My daughter bounces out of bed somewhere between 5:45 and 6:15 AM with a “Daddy, I wake up!”. On the other end of the baby monitor, I usually just roll over and hope she’ll go back to sleep. The new project car, “Scraps” is also in need of a wake up call. It has not run in over a year, and it was making some strange noises at that time.
The wiring was in bad shape, the positive cable from the battery to the starter was falling apart, the negative lead went from the battery directly to the head (odd, but I guess it makes sense, you want the spark plugs to ground well so they will fire) and the usual ground wires that go missing on these cars over the years had indeed gone missing.
I’m a big fan of battery cutoff switches – I had the simple twist-knob type on my ’69 2000. I would always disconnect the battery when the car was parked. Not so much as an anti-theft measure (having a manual choke and a manual transmission means that 80% of Americans can’t drive they car anyway…) but it really helps the battery to live a long life and gives me peace of mind that some strange short is going to burn the car down.

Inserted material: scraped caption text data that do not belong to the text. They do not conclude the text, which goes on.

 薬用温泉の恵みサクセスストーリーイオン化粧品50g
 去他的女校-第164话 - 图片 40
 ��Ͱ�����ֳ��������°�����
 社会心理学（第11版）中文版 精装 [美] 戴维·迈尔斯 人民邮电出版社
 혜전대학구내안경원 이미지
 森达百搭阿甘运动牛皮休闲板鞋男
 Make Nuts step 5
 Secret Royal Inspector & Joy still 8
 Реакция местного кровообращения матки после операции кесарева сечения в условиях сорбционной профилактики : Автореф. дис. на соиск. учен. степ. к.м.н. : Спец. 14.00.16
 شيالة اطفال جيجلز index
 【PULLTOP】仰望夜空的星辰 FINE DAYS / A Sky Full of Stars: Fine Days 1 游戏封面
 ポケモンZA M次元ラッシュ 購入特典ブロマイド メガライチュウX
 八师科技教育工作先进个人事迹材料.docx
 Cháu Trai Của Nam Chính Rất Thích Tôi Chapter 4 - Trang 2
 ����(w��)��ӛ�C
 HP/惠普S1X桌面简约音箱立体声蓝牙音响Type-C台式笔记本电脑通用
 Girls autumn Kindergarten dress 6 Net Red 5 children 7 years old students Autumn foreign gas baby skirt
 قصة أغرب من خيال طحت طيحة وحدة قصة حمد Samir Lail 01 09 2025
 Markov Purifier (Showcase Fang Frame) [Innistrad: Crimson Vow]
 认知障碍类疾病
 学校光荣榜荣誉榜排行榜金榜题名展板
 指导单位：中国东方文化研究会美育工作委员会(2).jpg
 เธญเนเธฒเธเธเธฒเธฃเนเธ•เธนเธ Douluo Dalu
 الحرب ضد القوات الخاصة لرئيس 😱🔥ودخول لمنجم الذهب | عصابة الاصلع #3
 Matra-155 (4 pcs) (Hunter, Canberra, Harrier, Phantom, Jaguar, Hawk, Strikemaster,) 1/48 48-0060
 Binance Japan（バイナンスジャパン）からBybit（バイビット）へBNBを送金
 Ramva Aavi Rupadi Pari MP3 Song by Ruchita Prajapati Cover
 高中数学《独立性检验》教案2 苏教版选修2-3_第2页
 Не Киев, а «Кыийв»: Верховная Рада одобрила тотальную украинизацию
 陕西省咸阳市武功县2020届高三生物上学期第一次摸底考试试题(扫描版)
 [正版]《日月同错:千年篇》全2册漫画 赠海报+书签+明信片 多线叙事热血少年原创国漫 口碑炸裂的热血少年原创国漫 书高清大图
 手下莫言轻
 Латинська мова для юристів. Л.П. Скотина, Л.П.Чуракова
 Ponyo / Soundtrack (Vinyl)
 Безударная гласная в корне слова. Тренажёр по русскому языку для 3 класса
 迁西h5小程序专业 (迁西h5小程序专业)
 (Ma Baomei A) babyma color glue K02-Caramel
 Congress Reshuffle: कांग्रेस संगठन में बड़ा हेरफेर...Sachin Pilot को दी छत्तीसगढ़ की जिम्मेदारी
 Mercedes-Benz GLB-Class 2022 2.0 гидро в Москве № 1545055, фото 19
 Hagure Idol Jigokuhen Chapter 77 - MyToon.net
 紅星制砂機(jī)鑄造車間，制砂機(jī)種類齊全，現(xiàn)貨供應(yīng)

Popping the hood and installing and removing the knob was a bit of a pain, so a more convenient switch went on the shopping list, along with a new battery, new positive and negative cables and ground leads, new oil and filter as well a fresh set of NGK sparkplugs. (Who puts Autolites in anything other than a Ford? The dread PO – previous owner.)
I got the battery and cables at a local three shop “chain” – United Battery. Looks like they make the cables themselves and seemed to be pretty good quality.
I decided to mount the switch in the passenger footwell, where it can be reached from inside the car and is still somewhat hidden. The wiring also stays on the engine side of the firewall which makes for easy hookup. When it came to wiring it up I ran into a bit of a debate – whether the switch should be on the negative or positive side of the battery. The sports car guys all said “negative” and the racers said “positive”.
After much research, I think I figured out the reason behind the debate: it depends on how you plan to use the switch. If you are using it as a “kill switch” it has to be on the positive side (and must also be able to ground out the alternator – otherwise the motor will keep running even when the switch is off!). A simple “cutoff switch” that keeps the battery from draining belongs on the negative side and is safer – if the switch fails or you short the connectors, you are simply connecting the ground. For my needs, I wired the switch on the negative side – the lead from the battery goes to the switch and another goes from the switch to the block.
I’m a bit obsessive when it comes to grounds – you can almost never have enough – and you can see that I went to great lengths to make sure the common ground on the block was also connected to the frame and the body – as well as the external voltage regulator. (The H20 has an extra set of tapped holes in the block above the alternator mount – perfect for grounds.) I also added one from the block to the head (not shown), and I’m thinking about another to the alternator body. One that is often overlooked is the ground from the starter to the frame. It usually ends up being one of those “left over pieces” after a starter swap.
So all ready to go? I filled the carb float bowls and the stock glass fuel filter with gas, turned the cutoff switch, then the key. WRRRRRR WRRRRR. A really nasty grinding noise – not good. I sounded like the engine might be seized. I took out the plugs and it turned over better, but still sounded like hell. So not seized, but not sounding good.
Time to investigate the starter. On a roadster, the starter, intake, exhaust (and on later cars the alternator as well!) are all on the same side. As you can see in the photo above, if you remove a small triangle of bodywork, you have much better access to the starter and can remove it without removing the carbs and intake (another knuckle skinner as there is no way to get at a few of the bolts with adult human hands….). At some point I’ll have to clean up the chop job that was done sometime in the last 40 years
Seems the starter managed to chew itself up – the aluminum nose was brittle and crumbly. I found an ATK Motors sticker hidden behind the old starter. Not sure if the engine came from a forklift or an Urvan or Homy, but the starter is different from the roadster. Back to United Battery for a 2-hour-turnaround $50 starter rebuild!
So try number two. Lots of cranking, no starting. Right about now is when I decide that it might be good to hook the choke back up and put in some fresh gas. I drain the tank and run to the station for a few gallons of the good stuff. Which brings us to attempt number three:
It runs! There is definitely a hole in the exhaust manifold, and a stray lock washer did a bit of a dance with the radiator fan (twice!), but it runs. The fresh gas and the use of the choke did the trick. I was later told that this car is a bit cold-blooded and wants choke even on the warmest day – actually a good sign that the carbs are well adjusted.